→ **Your assignment**
Using the data below, set down every line from the one containing "1951 Willys Overland" through the one containing "برياني دجاج", inclusive and unchanged. Pictures are to be skipped.
Supplied material Block Start
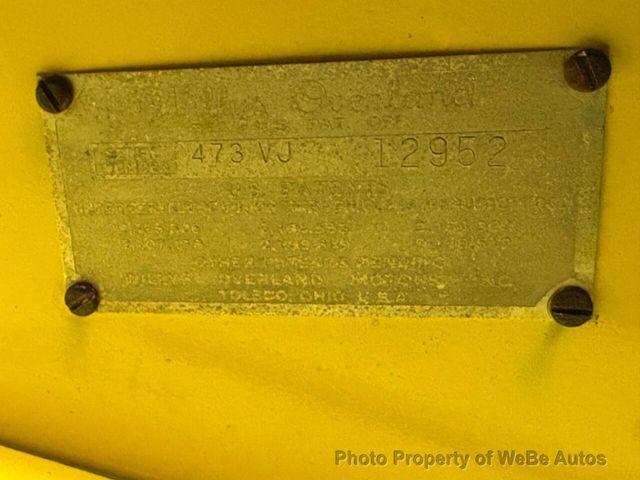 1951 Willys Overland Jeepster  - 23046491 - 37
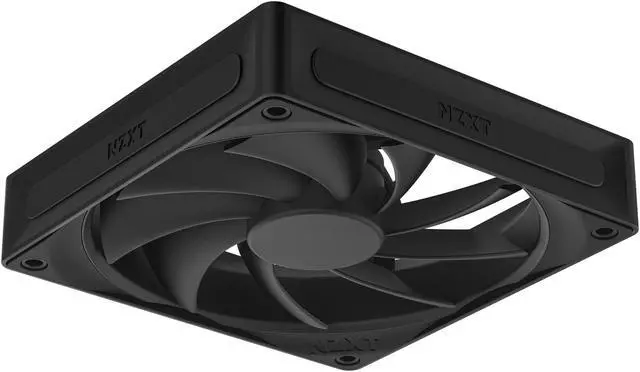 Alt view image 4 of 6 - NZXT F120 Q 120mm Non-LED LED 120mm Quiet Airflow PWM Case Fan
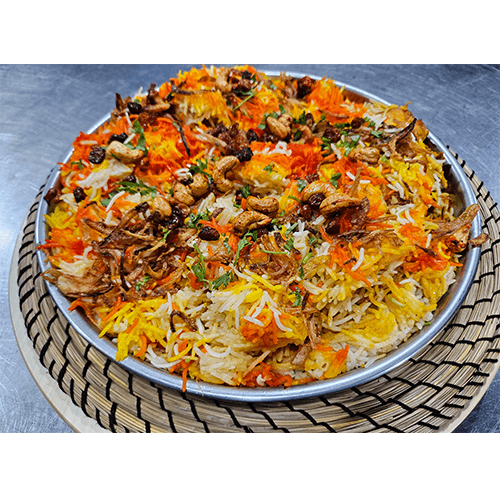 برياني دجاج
Supplied material Block End
Supplied material Block Start
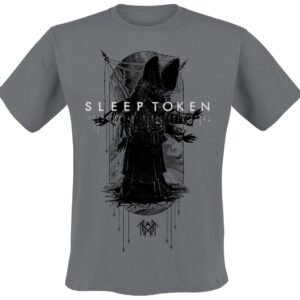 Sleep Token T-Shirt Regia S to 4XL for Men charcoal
Supplied material Block End
→ **Written solution**
 1951 Willys Overland Jeepster  - 23046491 - 37
 Alt view image 4 of 6 - NZXT F120 Q 120mm Non-LED LED 120mm Quiet Airflow PWM Case Fan
 برياني دجاج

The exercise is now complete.